Search code examples
c++constructorlanguage-lawyerstatic-cast

Can you static_cast "this" to a derived class in a base class constructor then use the result later?


We ran into this scenario in our codebase at my work, and we had a big debate over whether this is valid C++ or not. Here is the simplest code example I could come up with:

template <class T>
class A {
public:
    A() { subclass = static_cast<T*>(this); }
    virtual void Foo() = 0;
protected:
    T* subclass;
};

class C : public A<C> {
public:
    C(int i) : i(i) { }
    virtual void Foo() { subclass->Bar(); }
    void Bar() { std::cout << "i is " << i << std::endl; }
private:
    int i;
};

int main() {
    C c(5);
    c.Foo();
    return 0;
}

This code works 100% of the time in practice (as long as the template parameter type matches the subclass type), but if we run it through a runtime analyzer, it tells us that the static_cast is invalid because we're casting this to a C* but the C constructor hasn't run yet. Sure enough, if we change the static_cast to a dynamic_cast, it returns nullptr and this program will fail and crash when accessing i in Bar().

My intuition is that it should always be possible to replace static_cast with dynamic_cast without breaking your code, suggesting that the original code in fact is depending on compiler-specific undefined behavior. However, on cppreference it says:

If the object expression refers or points to is actually a base class subobject of an object of type D, the result refers to the enclosing object of type D.

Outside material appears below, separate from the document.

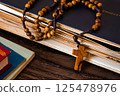 Wooden rosary beads on old books. Wooden background 125478976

The question being, is it a base class subobject of an object of type D before the object of type D has finished being constructed? Or is this undefined behavior? My level of C++ rules lawyering is not strong enough to work this out.


Solution

  • In my opinion this is well-defined according to the current wording of the standard: the C object exists at the time of the static_cast, although it is under construction and its lifetime has not yet begun. This would seem to make the static_cast well-defined according to [expr.static.cast]/11, which reads in part:

    ... If the prvalue of type “pointer to cv1 B” points to a B that is actually a base class subobject of an object of type D, the resulting pointer points to the enclosing object of type D. Otherwise, the behavior is undefined.

    It doesn't say that the D object's lifetime must have begun.

    We might also want to look at the explicit rule about when it becomes legal to perform an implicit conversion from derived to base, [class.cdtor]/3:

    To explicitly or implicitly convert a pointer (a glvalue) referring to an object of class X to a pointer (reference) to a direct or indirect base class B of X, the construction of X and the construction of all of its direct or indirect bases that directly or indirectly derive from B shall have started and the destruction of these classes shall not have completed, otherwise the conversion results in undefined behavior. To form a pointer to (or access the value of) a direct non-static member of an object obj, the construction of obj shall have started and its destruction shall not have completed, otherwise the computation of the pointer value (or accessing the member value) results in undefined behavior.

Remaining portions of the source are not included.